Patricia A.Turner is the Vice Provost of Undergraduate Education and Professor of African and African-American Studies at the University of California, Davis, where she has been on the faculty since 1990. A nationally known folklorist, her scholarly interests include rumor, quilting, and media portrayals of African Americans. Dr. Turner's books include Crafted Lives: Stories and Studies of African-American Quilters (2009); Whispers on the Color Line: Rumor and Race in America with Gary Alan Fine; (2001); Ceramic Uncles and Celluloid Mammies: Black Images and Their Influence on Culture (1994) and I Heard It Through the Grapevine: Rumor in African-American Culture (1993). Her commentary on issues related to rumor and conspiracy theories—from Hurricane Katrina to 9/11 and the death of bin Laden– has been sought for print, radio and television media including the Washington Post, Wall Street Journal, Talk of the Nation, and All Things Considered, and the NBC Nightly News. Turner's recent New York Times op-ed on the film The Help was among the week's most visited and e-mailed stories. Active in national cultural/scholarly life on both coasts, she is leading UC Davis's participation in the 2012 Smithsonian Folklife Festival, and is a frequent panelist at San Francisco's Museum of the African Diaspora. Her interest in quilting both as a craft and as a rich historical narrative began at an earlier Smithsonian Folklife Festival. She is a collector of quilts crafted by African American women, and an avid quilter herself
Archie Green: The Making of a Working-Class Hero, a book talk by Sean Burns
Respected as one of the great public intellectuals of the twentieth century, Archie Green (1917-2009), through his prolific writings and unprecedented public initiatives, profoundly contributed to the philosophy and practice of cultural pluralism. For Green, pluralism was the life source of democracy — an essential antidote to authoritarianism of every kind. His activist and intellectual quest was fueled by a generative tension between the political ideologies that animated his life and helped shape his era — New Deal liberalism, anarcho-syndicalism, and pragmatism. This talk explores the relationship between his formative political experiences at home, at school, and at work during the "Age of the CIO" and his subsequent development of "laborlore" as a public-oriented interdisciplinary field. Green is best known for his spirited and unflagging lobbying of Congress in support of the American Folklife Perservation Act of 1976 — legislation that paved the way for the creation of the American Folklife Center.
In 2000, Green founded the Fund for Labor Culture and History. This talk will draw from the substantial oral histories that Burns recorded with Green — interviews which provide the foundation for Burns' biography, Archie Green: The Making of a Working-Class Hero (2011).
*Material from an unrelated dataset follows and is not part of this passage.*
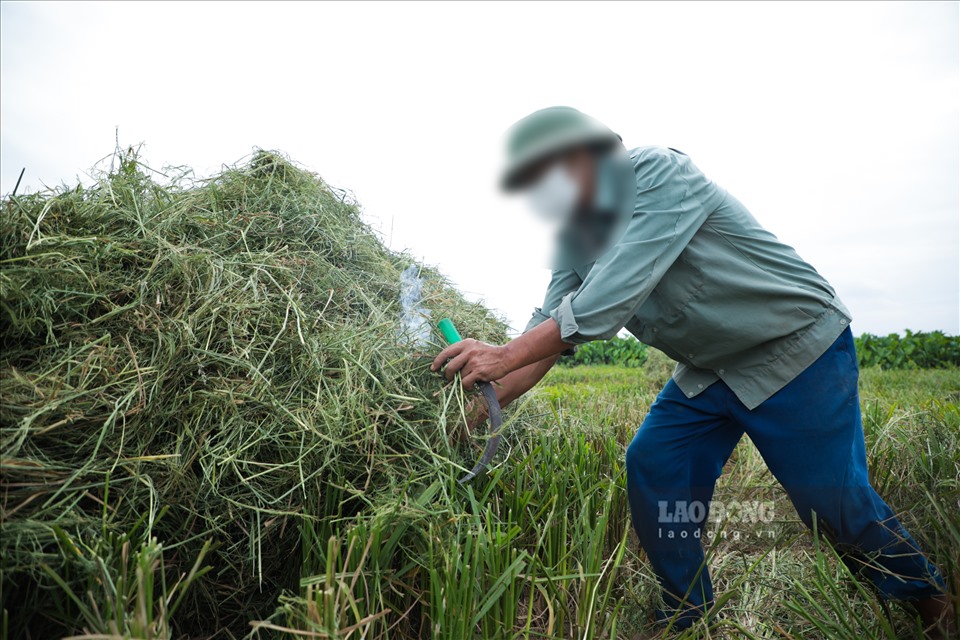 Hà Nội: Gần 350 tấn bụi và hơn 23.000 tấn CO2 phát sinh mỗi vụ đốt rơm rạ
Sean Burns is a Berkeley, California-based writer, teacher, and musician. His primary research interests are in the culture and history of left social movements, particularly questions of how movements generate transformative social imagination and translate that vision into effective local-global initiatives. Burns leads the popular, indie-folk rock band Professor Burns and the Lilac Field.
Learn more about the life and work of Archie Green.
"Reflections on Memory and History: Collecting New Oral Histories of the Civil Rights Movement for the LOC/Smithsonian NMAAHC," presented by Joe Mosnier.
A half-century on, what remains to be learned of the U.S. Civil Rights Movement? Plenty, it turns out. Last year historian Joe Mosnier, together with videographer John Bishop, journeyed to twenty states to interview fifty individuals who, most as teenagers or young adults, gave themselves over to the civil rights struggle. This testimony — urgent and immediate, but also refracted by memory and time — compels a fresh look at "the movement," confirming, upending, and reaching entirely beyond the considerations that define the received civil rights narrative.
Mosnier will share video excerpts, discuss emerging insights in relation to civil rights historiography, and offer brief personal reflections on the complex emotions engendered by the oral history experience for both interviewee and interviewer. Comments by the audience will be warmly welcomed.
These interviews are the first installment of a five-year national research initiative, the Civil Rights History Project, supported by an act of Congress and jointly led by the Library of Congress and the Smithsonian's National Museum of African American History & Culture. University of North Carolina, Chapel Hill's Southern Oral History Program, a national leader in academic oral history research, leads this research under contract.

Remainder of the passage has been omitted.